This while I have seen scores of over 300 on a linode vps. Resource allocation on machines would be very difficult with people buying different cpu/ram/space/transit allocations. With static packages it is much easier.


Exactly why I said I have no intention to encourage anyone to check them out. I mean, this is a thread where we praise Linode (and optionally bash Linode's competitors), not where we introduce decent competitors. By the way, I've used the other company too, and there are two reasons why they're so slow. One, they don't give you any burst CPU, so you're capped at something like 0.5GHz per share. Two, all your data needs to be accessed over the network.

But none of this needs to be the case with Linode! The ridiculously poor performance of the other company has more to do with the way they decided to manage their resources rather than with limitations of the technology itself. I don't care if adding RAM or HDD requires a reboot and/or migration; I'm just looking for a bit more flexibility in the Linode plans.

Having said that, Linode still is and probably will continue to be the BEST VPS Provider I've ever used. I ain't switching to another company just because someone else has cheaper plans. Despite the fact that the falling Canadian Dollar makes Linode 25% more expensive for me in Ontario than it used to be.


I don't consider them a competitor to Linode. As scott said above Linode is the best provider most people have used and I haven't seen any competitor that can match their setup.
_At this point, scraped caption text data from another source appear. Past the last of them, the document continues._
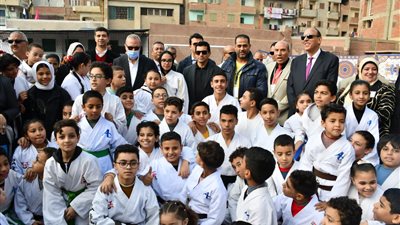 وزير الرياضة ومحافظ القليوبية يفتتحان مركز التخاطب وتنمية المهارات بكفر الجزار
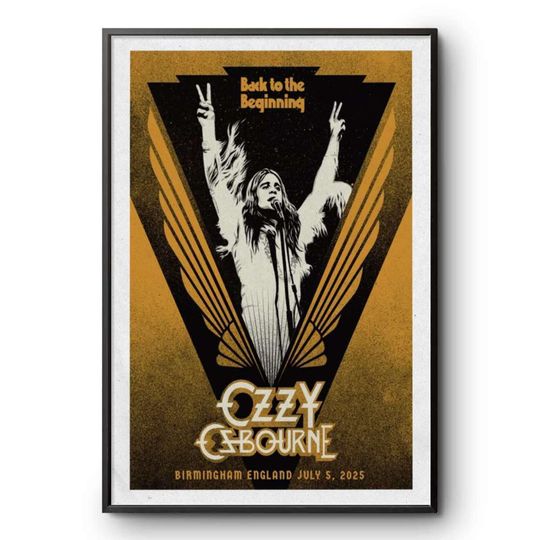 Ozzy Osbourne Birmingham England 2025 Poster Tour-Portrait - Poster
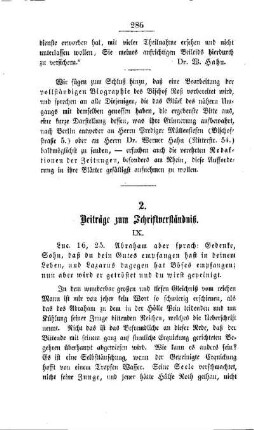 Beiträge zum Schriftverständniß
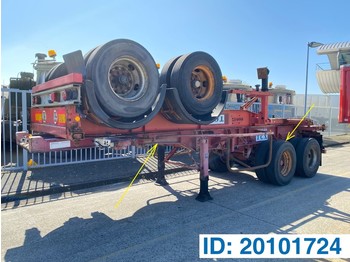 شاحنات الحاويات/ جسم علوي قابل للتغيير نصف مقطورة Fruehauf Skelet 20 ft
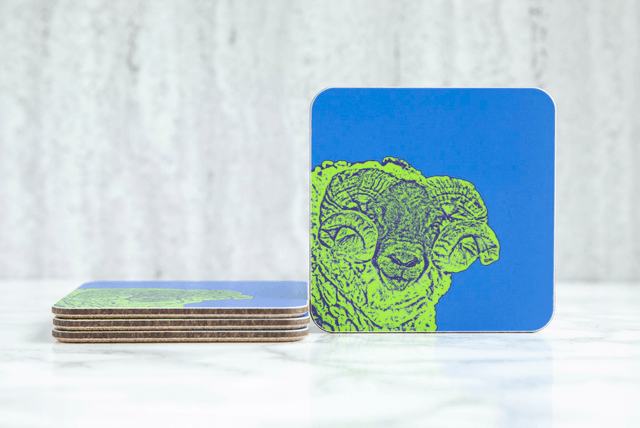 Baa Ram Ewe! Single Coaster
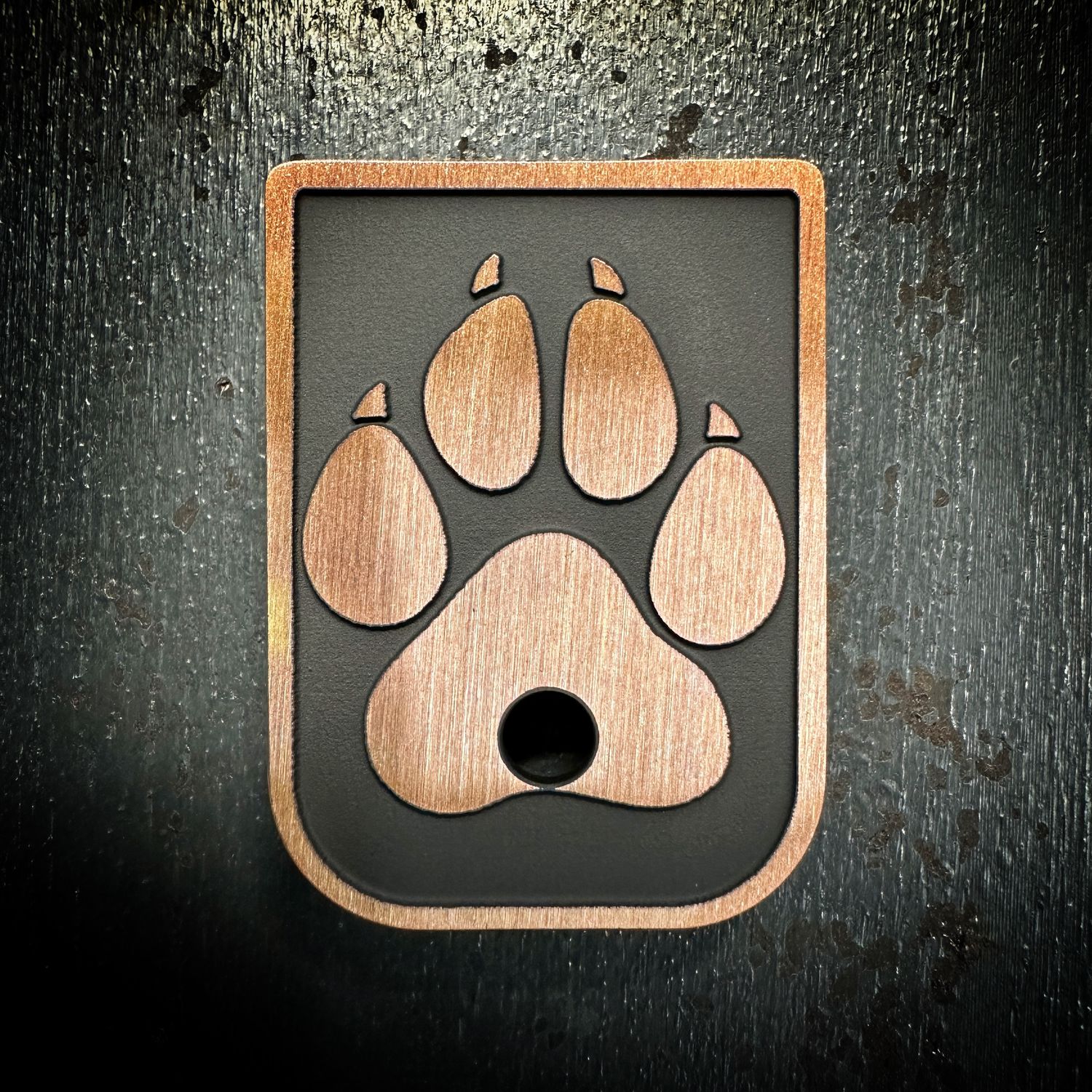 Dog Paw Mag 3D - Copper - Cerakoted Deep Engraved Brushed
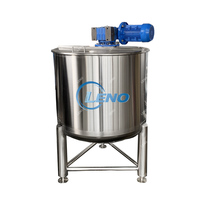 Cuve de mélange en acier inoxydable LENO avec agitateur, chauffage, homogénéisateur et dispersant pour liquides, emulsions et stockage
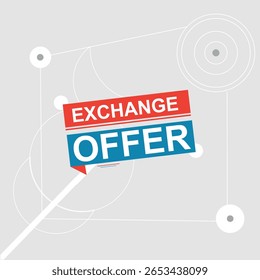 Modelo de banner de oferta de troca moderna design de vetor simples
I'm just trying to state that you are comparing apples to oranges here, sure this provider launched a more customized setup but they can't match what linode gives you for the price. We also have to remember how complex this all really is and how time consuming it would be to re-write a system to give people the options for ram/hd customization.

I think we'll see Linode introduce some new features soon (CakeFS anyone?). Maybe a feature suggestion should be a Canadian DC billed in Canadian Dollars? A EU DC billed in euros?